The Circle – Kinokritik & Filmtrailer

        The Circle    

Als Mae Holland (Emma Watson) dank Freundin Annie (Karen Gillan) die Möglichkeit bekommt, beim angesagten Superkonzern The Circle zu arbeiten, scheint ein Traum in Erfüllung zu gehen.

Mit der neuesten Technologie, unglaublich vielen Kontakten und schier unendlichen Möglichkeiten startet Mae in ihre neue Zukunft. Angeführt von Bailey (Tom Hanks), dem Kopf hinter dem Konzern, geht es darum, so viele Daten wie möglich zu sammeln und der Welt zugänglich zu machen.

Doch als ein Unbekannter auftaucht und erste Andeutungen macht, dass nicht alles so sauber zugeht wie gedacht und ein alter Freund sich von ihr abwendet, bekommt die Begeisterung erste Risse. Aber Mae ist sich dennoch sicher, dass die Aufgabe des Circles wichtig ist, und so stürzt sie sich voller Überzeugung in ihre Arbeit.

 
The Circle

Kinostart: 7. September
Genre: Science-Fiction/Drama.
Laufzeit: 1h 50m

 

Der Wahnsinn der digitalen Welt

Mit The Circle zeigt Regisseur James Ponsoldt einen vom Roman The Circle inspirierten Film, der Auszüge aus der Vorlage zeigt, aber auch eigene Wege geht.

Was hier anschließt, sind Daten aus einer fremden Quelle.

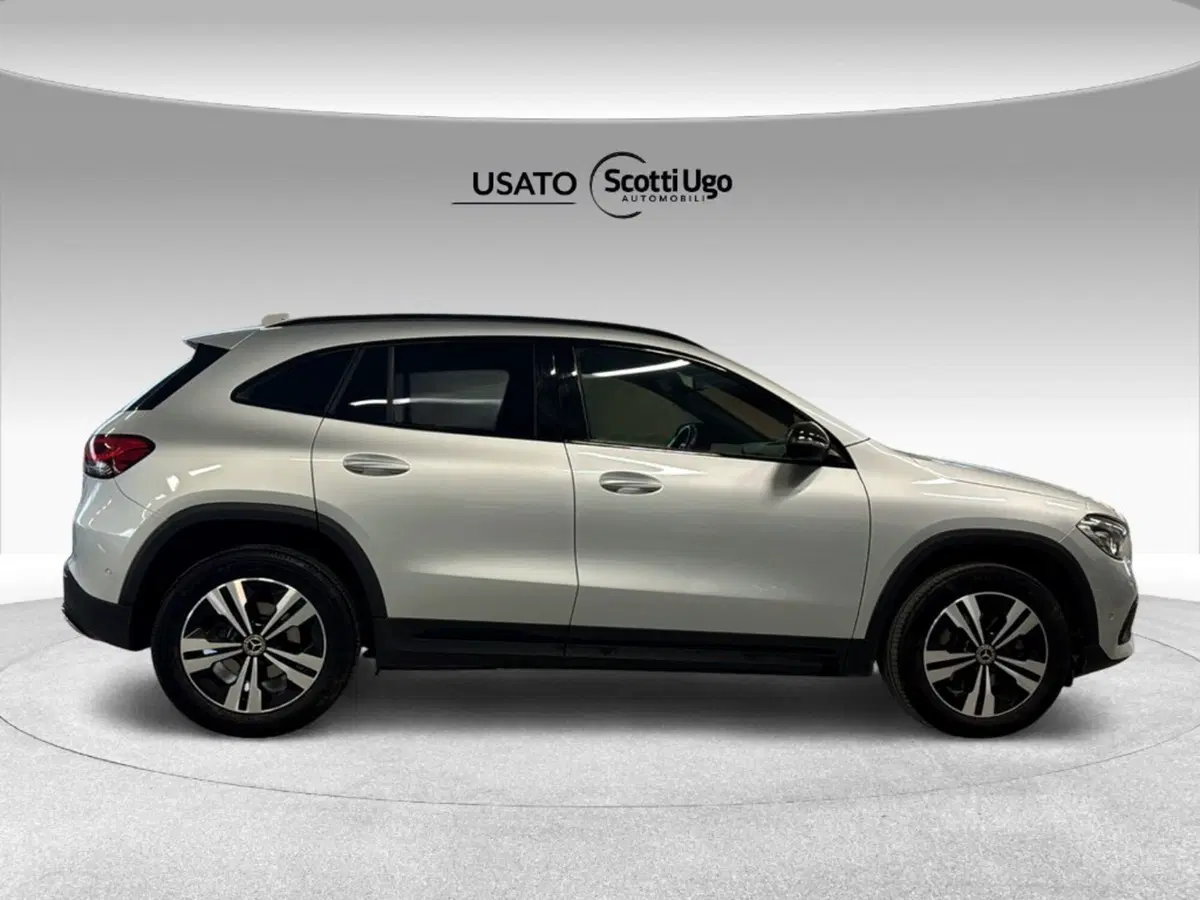 Mercedes-Benz GLA SUV usata a Siena (6)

Dabei gerät das Setting um technologischen Fortschritt, die Vor- und Nachteile, zu einer interessanten Grundlage und dem prägenden Look des Films. Das Technologie-Thema erweist sich in Zeiten von starken Veränderungen der Online-Plattformen, Apps und sonstigen Möglichkeiten als aktueller denn je. Somit bietet der Film einige sehr interessante Ansätze.

 
Die Story selbst und die vorkommenden Figuren bleiben dabei eher simpel und nicht übermäßig ausdrucksstark, beinhalten klassische Rollenverteilungen, ohne in ganz platte Stereotype zu fallen. Emma Watson, Tom Hanks und Co. liefern hier nicht unbedingt ihre Meisterleistungen ab, sind aber bei dem, was die Rollen hergeben, auch merklich limitiert. An der Tiefe der Geschichte, wie sie in der Buchvorlage möglich ist, kratzt der Film nur sehr oberflächlich. Hier wäre durchaus denkbar gewesen, die Geschichte deutlich tiefgängiger in Form einer Serie umzusetzen, als oberflächlich in 110 Minuten zu packen. Zumal das Ende dann auch merklich kurz und abrupt ausfällt.

 

Alphaversion, ausbaufähig

Der stärkste Film ist The Circle nicht und gerade Fans des Buches werden der Reduzierung auf wenige Auszüge und den Veränderungen sicher mit Irritation begegnen. Dennoch ist der Film keineswegs schlecht, denn er regt zum Nachdenken an und ist somit relevanter als manch anderer Film.

Wer sich für das Thema Vor- und Nachteile neuer Technologien und Medien interessiert und nicht zu hohe Erwartungen an die Geschichte selbst stellt, bekommt einen interessanten Denkansatz geliefert.